# Update und Insert Gleichzeitig?



## rog (5. Jun 2006)

Hallo liebe Leute,

wie geht man vor, wenn man in einer Tabelle Daten eintragen soll, die teilweise schon vorhanden sind?

Man stelle sich vor in meiner "Zieltabelle" sind folgende 2 Datensätze (Primary key ist die Personenspalte

person1:adresse1:telefon1
person2:adresse2:telefon2


Nun bekomme ich aus einer anderen "Quelltabelle" folgende Datensätze mit 
select * from quelltabelle;

person2:adresse2:neuetelefonnummer
person3:adresse3:telefon3


Um dieses Resultset in meiner Datenbank richtig eintragen zu können, müsste ich eigentlich sagen
dass in der Zieltabelle der Datensatz von Person2 geändert gehört (update) und der
Datensatz von person3 neu eingetragen gehört (insert).

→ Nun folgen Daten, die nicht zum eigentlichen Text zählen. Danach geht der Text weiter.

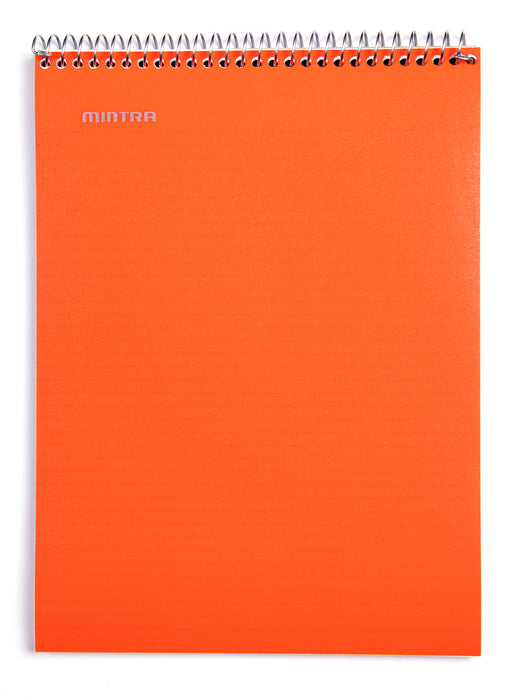 Top Bound Spiral Notebook (Orange, College Ruled 3pack) - Mintra USA top-bound-spiral-notebook-orange-college-ruled-3pack/orange college ruled notebook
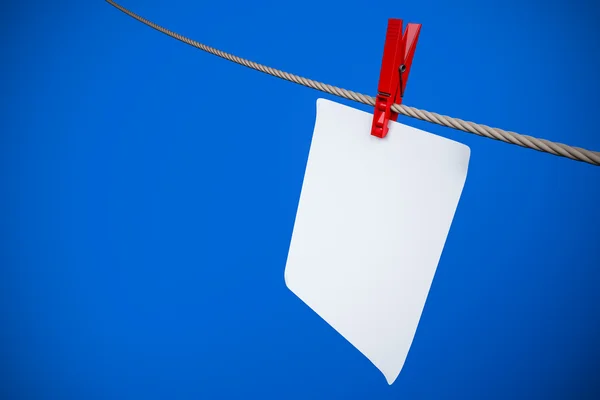 Paper cards hanging on the rope — Stock Photo, Image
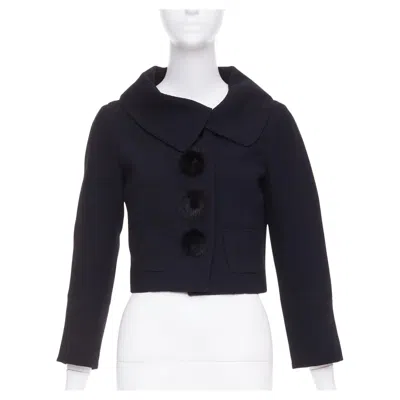 Pre-owned Louis Vuitton 2007 Black Wool Crepe Mink Fur Button Cropped Jacket Fr38 M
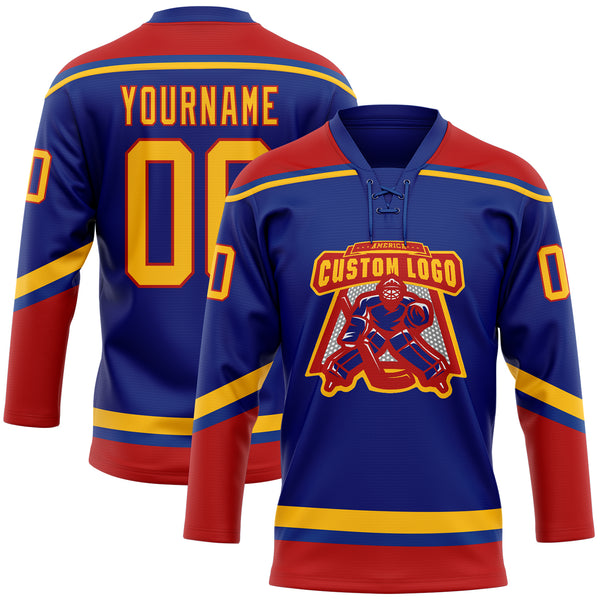 Custom Royal Gold-Red Hockey Lace Neck Jersey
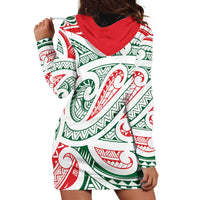New Zealand Kowhaiwhai Christmas Hoodie Dress Traditional Maori Koru Pattern - Polynesian Pride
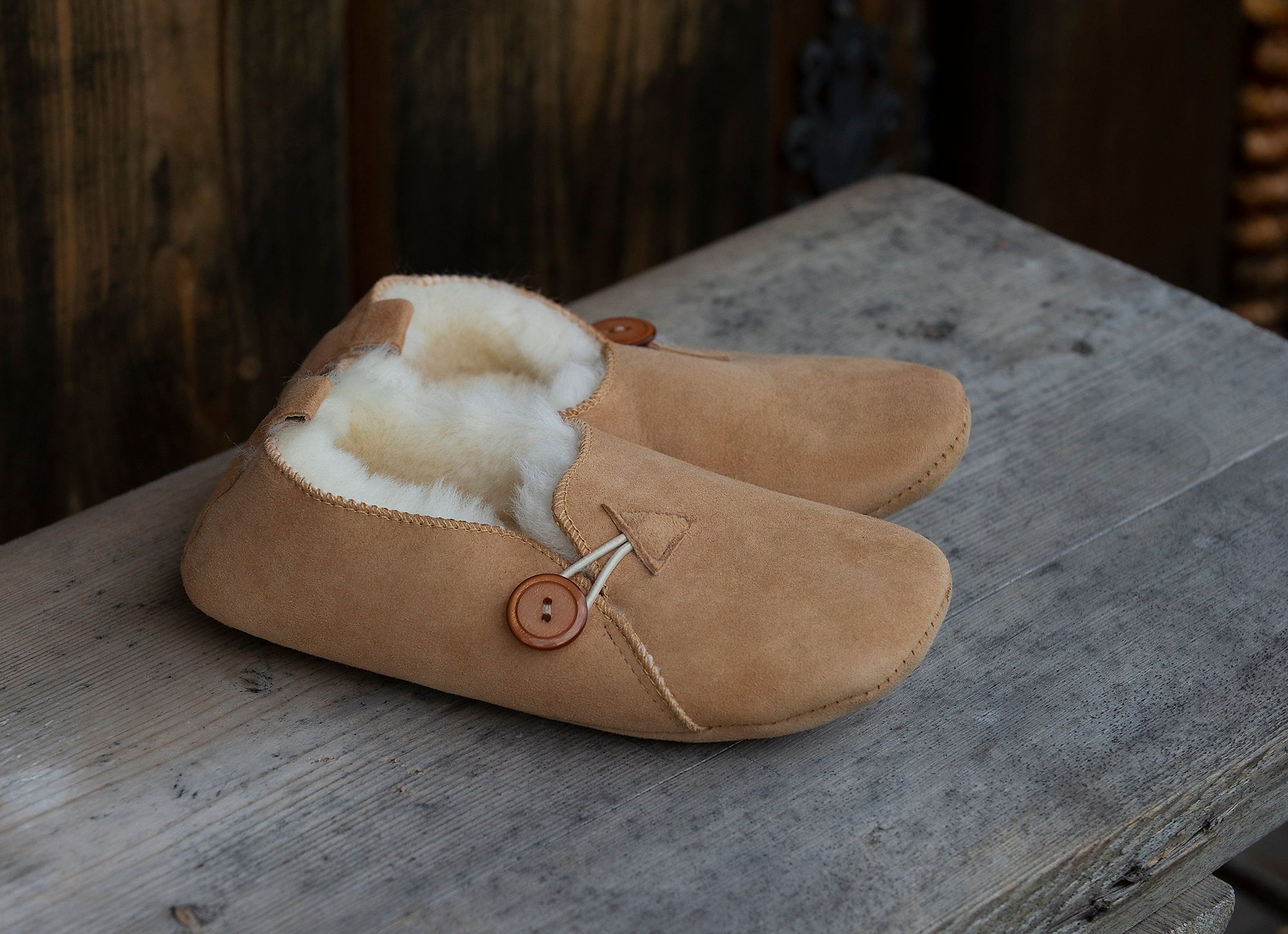 Follkee Slippers  Bambosh Natural Beige Sheep Skin Wool Lined Handcrafted Luxury Slippers Merino Wool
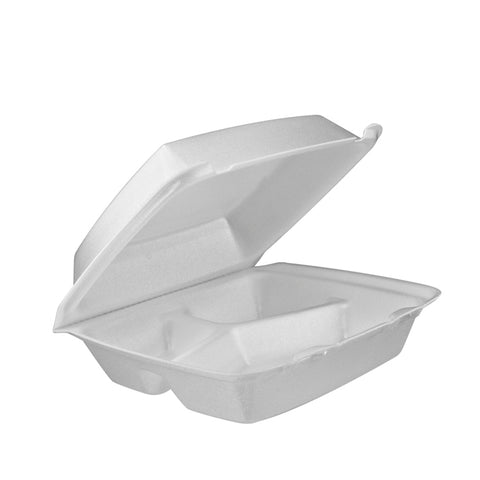 Container Foam White 3 Compartment Hinged Medium 8x8x3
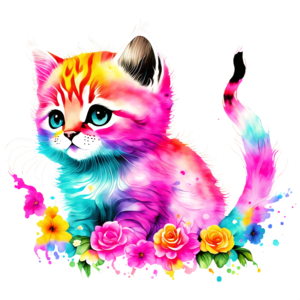 Bright Coloured Cat Diamond Art Painting Kit Splat Planet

Kann eine Datenbank das irgendwie selbst lösen?
(Also Bestehende Keys mit update überschreiben und neue neu inserten)
Oder wie gehe ich da vor? Kommt mir relativ mühsam vor, wenn ich erst Prüfe welche Keys in der Zieltabelle sind dann die mit den keys im Resultset aus der Quelltabelle vergleiche und dann je nachdem ein insert oder update mache.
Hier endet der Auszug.